Nothing
R/DispField.R
In ICvectorfields: Vector Fields from Spatial Time Series of Population Abundance
Defines functions
DispField
Documented in
DispField
#' Displacement fields based on 2D cross-covariance
#'
#' Calculates a displacement field based on the cross-covariance of two input
#' rasters presumably representing spatial population abundance or density at
#' two different instances of time.
#'
#' The input rasters are first converted to equivalent matrices. The function
#' then divides the domain up into sub-grids of size factv1 X facth1, which are
#' vertical and horizontal sub-grid dimensions.
#'
#' If restricted is set to FALSE (the default), the function computes
#' cross-covariance between each sub-grid of the first input raster and the
#' entirety of the second input raster and then uses the location of maximum
#' cross-covariance to estimate displacement in the vertical and horizontal
#' directions from the centre of each sub-grid.
#'
#' If restricted is set to TRUE, the function uses cross-covariance between each
#' sub-grid in the first input raster and the equivalent sub-grid in the second
#' input raster to estimate vertical and horizontal displacement.
#'
#' Reference coordinates and cell size are extracted from the first input raster
#' such that the locations from whence displacement is estimated as well as
#' displacement estimates can be expressed in the units of the projected
#' coordinates.
#'
#' The coordinates are assumed to increase vertically and horizontally from the
#' lower left corner of the two-dimensional domain.
#'
#' Caution is warranted when defining the sub-grid dimensions because the
#' function can produce erroneous results when sub-grids are too small.
#'
#' @param inputrast1 a raster as produced by terra::rast
#' @param inputrast2 a raster of equivalent dimension to inputrast1 as produced
#' by terra::rast
#' @param factv1 an odd integer for the vertical dimension of sub-grids
#' @param facth1 an odd integer for the horizontal dimension of sub-grids
#' @param restricted logical (TRUE or FALSE)
#'
#' @return A data frame is returned with the following column names: rowcent,
#' colcent, frowmin, frowmax, fcolmin, fcolmax, centx, centy, dispx, and
#' dispy.
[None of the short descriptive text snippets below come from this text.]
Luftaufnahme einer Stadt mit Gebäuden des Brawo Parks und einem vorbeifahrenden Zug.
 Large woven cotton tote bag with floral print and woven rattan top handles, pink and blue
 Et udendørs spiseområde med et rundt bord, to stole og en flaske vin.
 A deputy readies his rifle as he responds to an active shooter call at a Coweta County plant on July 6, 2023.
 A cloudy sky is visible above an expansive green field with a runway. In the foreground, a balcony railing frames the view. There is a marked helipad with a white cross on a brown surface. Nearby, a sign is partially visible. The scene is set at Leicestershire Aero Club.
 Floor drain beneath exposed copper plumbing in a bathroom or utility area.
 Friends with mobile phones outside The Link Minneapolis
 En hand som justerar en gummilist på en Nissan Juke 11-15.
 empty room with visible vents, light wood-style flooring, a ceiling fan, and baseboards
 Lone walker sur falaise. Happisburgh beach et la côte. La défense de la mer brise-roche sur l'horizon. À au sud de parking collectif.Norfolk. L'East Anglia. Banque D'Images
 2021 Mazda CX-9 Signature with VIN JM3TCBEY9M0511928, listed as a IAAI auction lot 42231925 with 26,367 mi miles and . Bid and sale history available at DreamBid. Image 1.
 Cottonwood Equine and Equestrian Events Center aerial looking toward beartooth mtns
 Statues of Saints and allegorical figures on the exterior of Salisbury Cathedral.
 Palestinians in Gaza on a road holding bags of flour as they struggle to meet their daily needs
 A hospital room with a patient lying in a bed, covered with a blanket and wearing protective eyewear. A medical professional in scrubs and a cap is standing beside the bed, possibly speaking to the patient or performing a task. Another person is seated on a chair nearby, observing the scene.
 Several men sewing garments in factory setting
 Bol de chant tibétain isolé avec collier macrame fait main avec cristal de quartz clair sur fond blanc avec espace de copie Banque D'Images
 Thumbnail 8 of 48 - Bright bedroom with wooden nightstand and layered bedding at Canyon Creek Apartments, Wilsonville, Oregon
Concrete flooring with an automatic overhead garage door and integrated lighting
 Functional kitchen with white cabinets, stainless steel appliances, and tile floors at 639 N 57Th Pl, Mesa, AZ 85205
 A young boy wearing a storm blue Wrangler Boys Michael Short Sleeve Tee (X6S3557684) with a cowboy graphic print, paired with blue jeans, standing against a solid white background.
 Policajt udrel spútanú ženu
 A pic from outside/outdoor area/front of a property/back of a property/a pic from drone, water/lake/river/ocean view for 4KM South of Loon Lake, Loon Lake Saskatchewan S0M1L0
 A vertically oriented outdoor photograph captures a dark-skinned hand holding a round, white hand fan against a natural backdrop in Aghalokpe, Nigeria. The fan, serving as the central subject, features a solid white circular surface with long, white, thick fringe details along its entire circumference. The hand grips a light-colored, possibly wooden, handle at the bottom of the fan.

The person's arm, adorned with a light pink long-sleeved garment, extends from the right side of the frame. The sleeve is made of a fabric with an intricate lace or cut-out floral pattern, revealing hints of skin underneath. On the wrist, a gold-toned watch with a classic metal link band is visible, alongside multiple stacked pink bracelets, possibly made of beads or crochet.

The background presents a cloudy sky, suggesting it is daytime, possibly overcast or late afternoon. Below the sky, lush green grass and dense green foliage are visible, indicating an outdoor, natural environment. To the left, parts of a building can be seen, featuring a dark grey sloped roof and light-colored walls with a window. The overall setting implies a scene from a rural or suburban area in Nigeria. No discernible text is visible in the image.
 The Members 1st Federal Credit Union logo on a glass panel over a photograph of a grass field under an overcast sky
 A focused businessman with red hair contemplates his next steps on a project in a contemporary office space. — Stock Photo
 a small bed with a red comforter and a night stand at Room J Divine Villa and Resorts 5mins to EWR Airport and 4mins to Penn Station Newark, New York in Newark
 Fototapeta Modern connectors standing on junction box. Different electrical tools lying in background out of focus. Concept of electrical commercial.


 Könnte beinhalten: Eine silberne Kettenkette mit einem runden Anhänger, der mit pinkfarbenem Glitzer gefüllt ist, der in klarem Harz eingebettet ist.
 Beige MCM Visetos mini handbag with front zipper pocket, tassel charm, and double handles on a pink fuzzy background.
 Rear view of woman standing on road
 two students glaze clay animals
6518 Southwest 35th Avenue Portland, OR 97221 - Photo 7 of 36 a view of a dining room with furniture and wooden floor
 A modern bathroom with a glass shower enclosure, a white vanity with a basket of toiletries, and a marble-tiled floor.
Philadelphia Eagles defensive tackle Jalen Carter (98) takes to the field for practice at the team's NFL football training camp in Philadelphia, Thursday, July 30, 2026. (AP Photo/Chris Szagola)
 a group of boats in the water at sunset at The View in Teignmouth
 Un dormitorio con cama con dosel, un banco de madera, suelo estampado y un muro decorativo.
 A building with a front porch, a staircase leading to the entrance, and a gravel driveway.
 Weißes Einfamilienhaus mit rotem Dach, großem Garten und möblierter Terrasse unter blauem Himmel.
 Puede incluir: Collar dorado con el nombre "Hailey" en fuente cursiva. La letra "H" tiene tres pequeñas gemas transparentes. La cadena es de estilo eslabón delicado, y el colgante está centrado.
The rowcent and colcent column names are the row and column indices
#' for the center of each sub-grid; frowmin and frowmax are the sub-grid
#' minimum and maximum row indices; fcolmin and fcolmax are the sub-grid
#' minimum and maximum column indices; centx and centy are the projected
#' coordinates of the centre of the subgrid derived from the raster input
#' files; dispx and dispy are the displacement in the horizontal and vertical
#' directions in the same units as the projected coordinates of the raster
#' input files.
#' @export
#'
#' @seealso \code{\link{DispFieldbb}} for a similar function using a bounding
#' box to define a focal region, \code{\link{DispFieldST}} for a version
#' designed to quantify persistent directional movement when the time series
#' features more than two time instances, \code{\link{DispFieldSTall}} for a
#' version designed to quantify persistent directional movement when velocity
#' is variable in space, and \code{\link{Xcov2D}} for demonstration of how
#' two-dimensional cross-covariance is used to determine displacement (see
#' examples of Xcov2D function documentation).
#'
#' @examples
#' (Mat1 <- matrix(rep(c(1:5, 0, 0, 0, 0), 9), nrow = 9, byrow = TRUE))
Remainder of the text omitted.